Matrescence is so powerful because it gives all mothers - new and not so new, expectant mums and even to those who are still trying-to-conceive, the chance to reframe their expectations.
This is such a valuable opportunity because expectations can be everything. It’s when reality and our expectations don’t match when we experience more suffering and unhappiness.
When it comes to managing your expectations, a good start is to be mindful of what you see on Instagram, the media and what other people tell you about their own experiences. The perfect lives of new mums on social media are far from an unfiltered reality of motherhood. The truth is that there’s not such a thing as the perfect mother, we all have our lows and we are all going through matrescence which while it will be different and unique for every one of us, it’s certainly not glossy and shiny. Motherhood is messy!
A new beginning
The concept of Matrescence has been so important to me that it has now become the cornerstone of everything I do as The Mothership London, including my workshops, retreats and all the upcoming content and support I am working on to help women in their mother-becoming.

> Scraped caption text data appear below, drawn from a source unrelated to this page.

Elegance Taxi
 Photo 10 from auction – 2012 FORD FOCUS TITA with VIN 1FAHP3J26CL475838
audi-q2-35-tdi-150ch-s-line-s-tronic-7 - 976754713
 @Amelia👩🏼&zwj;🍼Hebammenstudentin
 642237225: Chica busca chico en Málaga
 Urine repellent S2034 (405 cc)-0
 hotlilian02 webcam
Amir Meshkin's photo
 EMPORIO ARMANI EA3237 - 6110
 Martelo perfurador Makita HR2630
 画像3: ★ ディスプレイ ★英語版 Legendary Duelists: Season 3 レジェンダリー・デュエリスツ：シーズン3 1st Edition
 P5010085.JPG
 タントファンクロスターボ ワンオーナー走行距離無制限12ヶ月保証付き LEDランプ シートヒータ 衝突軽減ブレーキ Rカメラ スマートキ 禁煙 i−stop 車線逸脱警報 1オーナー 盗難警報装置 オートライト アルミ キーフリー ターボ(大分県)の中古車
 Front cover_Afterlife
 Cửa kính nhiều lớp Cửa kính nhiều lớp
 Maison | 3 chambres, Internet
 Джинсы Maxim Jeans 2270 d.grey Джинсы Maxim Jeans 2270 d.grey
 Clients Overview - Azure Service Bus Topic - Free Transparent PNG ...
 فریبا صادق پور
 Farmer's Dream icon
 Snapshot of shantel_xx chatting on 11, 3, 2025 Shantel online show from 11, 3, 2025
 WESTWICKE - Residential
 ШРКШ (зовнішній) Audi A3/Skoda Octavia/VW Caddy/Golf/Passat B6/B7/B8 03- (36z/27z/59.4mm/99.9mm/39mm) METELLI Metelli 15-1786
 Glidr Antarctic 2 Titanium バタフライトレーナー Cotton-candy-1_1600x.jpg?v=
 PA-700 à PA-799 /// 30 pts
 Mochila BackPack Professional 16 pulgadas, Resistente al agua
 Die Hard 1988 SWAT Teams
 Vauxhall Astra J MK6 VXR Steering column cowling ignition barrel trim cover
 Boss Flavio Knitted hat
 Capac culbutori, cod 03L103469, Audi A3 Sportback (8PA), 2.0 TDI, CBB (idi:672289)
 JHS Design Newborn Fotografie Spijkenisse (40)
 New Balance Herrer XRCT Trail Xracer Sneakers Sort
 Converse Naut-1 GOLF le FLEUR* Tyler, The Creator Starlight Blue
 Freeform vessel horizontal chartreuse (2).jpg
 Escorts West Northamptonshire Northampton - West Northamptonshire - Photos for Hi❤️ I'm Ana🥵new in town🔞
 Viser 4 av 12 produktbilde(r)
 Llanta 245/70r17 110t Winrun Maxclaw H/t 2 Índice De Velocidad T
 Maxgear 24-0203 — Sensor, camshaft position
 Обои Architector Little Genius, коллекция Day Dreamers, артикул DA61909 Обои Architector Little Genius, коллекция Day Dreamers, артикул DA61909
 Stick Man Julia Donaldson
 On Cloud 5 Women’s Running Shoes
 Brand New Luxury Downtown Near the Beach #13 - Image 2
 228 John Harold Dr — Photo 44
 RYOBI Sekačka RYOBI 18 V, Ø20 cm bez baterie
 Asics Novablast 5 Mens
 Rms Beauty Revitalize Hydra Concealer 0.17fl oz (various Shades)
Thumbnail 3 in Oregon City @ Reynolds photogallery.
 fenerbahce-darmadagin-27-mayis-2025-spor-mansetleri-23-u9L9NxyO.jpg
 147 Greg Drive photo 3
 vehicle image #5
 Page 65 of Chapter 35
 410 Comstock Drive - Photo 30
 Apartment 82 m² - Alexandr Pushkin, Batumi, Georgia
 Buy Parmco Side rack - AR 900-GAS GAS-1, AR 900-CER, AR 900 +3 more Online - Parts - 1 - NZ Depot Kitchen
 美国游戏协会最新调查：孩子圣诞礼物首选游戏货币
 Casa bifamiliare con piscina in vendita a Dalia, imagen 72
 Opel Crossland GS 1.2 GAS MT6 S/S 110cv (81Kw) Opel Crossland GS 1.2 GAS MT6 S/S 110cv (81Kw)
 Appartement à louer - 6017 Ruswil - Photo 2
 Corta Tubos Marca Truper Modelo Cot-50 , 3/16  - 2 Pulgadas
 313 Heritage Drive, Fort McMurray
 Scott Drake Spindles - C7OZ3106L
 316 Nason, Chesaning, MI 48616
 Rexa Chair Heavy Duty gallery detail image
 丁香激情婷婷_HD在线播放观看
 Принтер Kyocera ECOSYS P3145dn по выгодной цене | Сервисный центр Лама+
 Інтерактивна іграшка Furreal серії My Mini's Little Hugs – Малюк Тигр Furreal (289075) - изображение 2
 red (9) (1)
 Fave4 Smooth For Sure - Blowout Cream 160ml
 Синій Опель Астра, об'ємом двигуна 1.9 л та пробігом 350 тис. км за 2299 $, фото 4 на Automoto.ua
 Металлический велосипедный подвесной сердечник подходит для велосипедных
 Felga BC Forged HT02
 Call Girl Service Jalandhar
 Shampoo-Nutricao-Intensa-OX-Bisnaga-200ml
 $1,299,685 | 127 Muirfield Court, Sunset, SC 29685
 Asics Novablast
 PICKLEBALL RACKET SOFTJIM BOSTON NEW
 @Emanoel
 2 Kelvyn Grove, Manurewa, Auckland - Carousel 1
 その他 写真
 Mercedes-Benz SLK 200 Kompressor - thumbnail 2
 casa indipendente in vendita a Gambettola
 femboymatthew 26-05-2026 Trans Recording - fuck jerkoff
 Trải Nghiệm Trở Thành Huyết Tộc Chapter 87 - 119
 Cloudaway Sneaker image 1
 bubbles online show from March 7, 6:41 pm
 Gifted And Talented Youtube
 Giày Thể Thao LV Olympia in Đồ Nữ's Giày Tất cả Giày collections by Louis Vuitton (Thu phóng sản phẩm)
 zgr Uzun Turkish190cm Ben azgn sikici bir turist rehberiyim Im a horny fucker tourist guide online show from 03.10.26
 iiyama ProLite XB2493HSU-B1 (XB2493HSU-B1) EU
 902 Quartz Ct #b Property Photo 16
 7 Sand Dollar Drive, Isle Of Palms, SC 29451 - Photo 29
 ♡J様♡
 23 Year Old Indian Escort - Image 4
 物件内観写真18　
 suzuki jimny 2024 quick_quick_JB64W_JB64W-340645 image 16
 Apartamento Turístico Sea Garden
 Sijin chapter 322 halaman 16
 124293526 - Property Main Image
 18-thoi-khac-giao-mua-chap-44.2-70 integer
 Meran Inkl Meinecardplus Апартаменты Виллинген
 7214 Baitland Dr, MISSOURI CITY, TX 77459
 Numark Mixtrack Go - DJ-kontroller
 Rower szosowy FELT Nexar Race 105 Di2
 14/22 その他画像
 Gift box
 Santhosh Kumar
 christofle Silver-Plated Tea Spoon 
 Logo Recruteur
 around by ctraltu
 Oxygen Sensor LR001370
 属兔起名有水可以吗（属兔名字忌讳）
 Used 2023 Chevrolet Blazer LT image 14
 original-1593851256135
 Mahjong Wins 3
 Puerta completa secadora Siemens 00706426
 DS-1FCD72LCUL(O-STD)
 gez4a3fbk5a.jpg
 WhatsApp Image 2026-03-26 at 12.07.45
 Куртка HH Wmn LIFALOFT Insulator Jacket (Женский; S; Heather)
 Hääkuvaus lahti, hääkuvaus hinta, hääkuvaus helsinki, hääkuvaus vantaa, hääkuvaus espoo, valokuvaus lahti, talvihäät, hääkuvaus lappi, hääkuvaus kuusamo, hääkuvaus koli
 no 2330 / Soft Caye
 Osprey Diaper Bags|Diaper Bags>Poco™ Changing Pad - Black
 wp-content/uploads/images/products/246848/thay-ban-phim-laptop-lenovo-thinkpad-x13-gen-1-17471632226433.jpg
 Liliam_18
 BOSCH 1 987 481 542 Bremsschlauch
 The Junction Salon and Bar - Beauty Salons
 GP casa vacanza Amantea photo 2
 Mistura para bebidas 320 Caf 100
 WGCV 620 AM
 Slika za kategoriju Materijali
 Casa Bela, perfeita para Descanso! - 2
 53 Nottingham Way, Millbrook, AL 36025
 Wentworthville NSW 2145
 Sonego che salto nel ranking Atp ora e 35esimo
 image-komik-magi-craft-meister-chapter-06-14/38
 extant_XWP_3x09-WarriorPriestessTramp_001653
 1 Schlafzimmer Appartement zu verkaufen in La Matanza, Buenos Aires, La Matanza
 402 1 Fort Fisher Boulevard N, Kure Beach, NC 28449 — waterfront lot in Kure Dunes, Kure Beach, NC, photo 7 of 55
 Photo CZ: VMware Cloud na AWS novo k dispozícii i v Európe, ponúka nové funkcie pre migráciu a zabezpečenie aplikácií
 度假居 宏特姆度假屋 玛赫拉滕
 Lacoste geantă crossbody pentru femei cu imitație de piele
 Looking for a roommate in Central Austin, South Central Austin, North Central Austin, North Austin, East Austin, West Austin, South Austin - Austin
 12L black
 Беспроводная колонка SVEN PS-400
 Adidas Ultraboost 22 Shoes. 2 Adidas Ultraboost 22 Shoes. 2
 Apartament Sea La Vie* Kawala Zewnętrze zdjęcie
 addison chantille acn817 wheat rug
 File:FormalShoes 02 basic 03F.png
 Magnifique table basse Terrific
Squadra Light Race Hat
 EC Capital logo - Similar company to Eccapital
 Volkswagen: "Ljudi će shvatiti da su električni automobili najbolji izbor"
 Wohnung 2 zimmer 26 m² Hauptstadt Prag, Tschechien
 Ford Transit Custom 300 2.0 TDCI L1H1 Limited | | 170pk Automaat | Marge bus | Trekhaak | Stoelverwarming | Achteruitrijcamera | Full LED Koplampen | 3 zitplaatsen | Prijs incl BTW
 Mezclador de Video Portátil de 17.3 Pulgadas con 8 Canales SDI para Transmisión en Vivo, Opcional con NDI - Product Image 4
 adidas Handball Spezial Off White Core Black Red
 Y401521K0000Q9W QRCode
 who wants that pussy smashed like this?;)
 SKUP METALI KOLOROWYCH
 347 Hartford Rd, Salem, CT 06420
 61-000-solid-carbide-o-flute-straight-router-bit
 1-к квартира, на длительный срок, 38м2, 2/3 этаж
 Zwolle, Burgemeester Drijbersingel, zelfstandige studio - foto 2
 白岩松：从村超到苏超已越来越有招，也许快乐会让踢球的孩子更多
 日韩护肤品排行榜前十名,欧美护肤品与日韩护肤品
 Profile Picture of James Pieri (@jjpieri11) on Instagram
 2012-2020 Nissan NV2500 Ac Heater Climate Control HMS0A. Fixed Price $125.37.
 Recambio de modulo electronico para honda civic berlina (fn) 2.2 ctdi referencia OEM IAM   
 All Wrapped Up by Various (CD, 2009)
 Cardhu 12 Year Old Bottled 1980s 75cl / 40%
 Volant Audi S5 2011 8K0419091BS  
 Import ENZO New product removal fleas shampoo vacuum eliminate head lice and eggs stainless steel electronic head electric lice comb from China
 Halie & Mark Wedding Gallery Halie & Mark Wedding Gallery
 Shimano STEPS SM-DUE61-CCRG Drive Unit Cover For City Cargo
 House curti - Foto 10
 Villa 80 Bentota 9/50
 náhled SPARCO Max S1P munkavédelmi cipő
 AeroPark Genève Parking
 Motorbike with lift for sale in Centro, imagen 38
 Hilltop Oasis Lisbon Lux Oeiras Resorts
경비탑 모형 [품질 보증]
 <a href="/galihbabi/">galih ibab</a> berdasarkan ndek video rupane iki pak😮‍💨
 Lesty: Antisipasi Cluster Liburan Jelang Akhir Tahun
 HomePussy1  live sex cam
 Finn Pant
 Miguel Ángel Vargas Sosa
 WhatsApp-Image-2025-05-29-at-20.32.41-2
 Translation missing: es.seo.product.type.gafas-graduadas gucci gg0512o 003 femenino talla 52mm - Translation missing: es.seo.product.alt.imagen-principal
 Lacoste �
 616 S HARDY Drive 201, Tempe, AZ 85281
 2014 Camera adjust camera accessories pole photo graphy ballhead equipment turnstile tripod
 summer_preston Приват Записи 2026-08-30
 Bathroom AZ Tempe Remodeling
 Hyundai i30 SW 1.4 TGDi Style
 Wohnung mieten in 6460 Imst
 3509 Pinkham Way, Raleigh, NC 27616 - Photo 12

If any of this resonates with you, watch this space and follow me on social media to learn more about matrescence and to find advice in navigating these changes.
In a nutshell:
Matrescence is the developmental transition to motherhood. It’s a holistic experience that encompasses several domains including, physical, hormonal, psychological and emotional, social and spiritual.
Like adolescence, it comes with natural emotional discomforts such as emotions of ambivalence, guilt, and shame.
Beyond the profound changes, it provides mothers with an opportunity to heal, to grow and to redefine themselves and their place in the world.
Expectations play an important role in matrescence, as the reality of motherhood is often not what is expected - this is an opportunity for mums to reframe their expectations.
It ultimately provides the language needed for mothers to understand their experience, validate it and talk about it, as well as a framework to support them in this transition.
References
Celebrating International Women's day: from matrescence to reproductive identity, Dr. Aurélie Athan, 8/3/2021
Matrescence: The Developmental Transition to Motherhood, Alexandra Sacks, MD.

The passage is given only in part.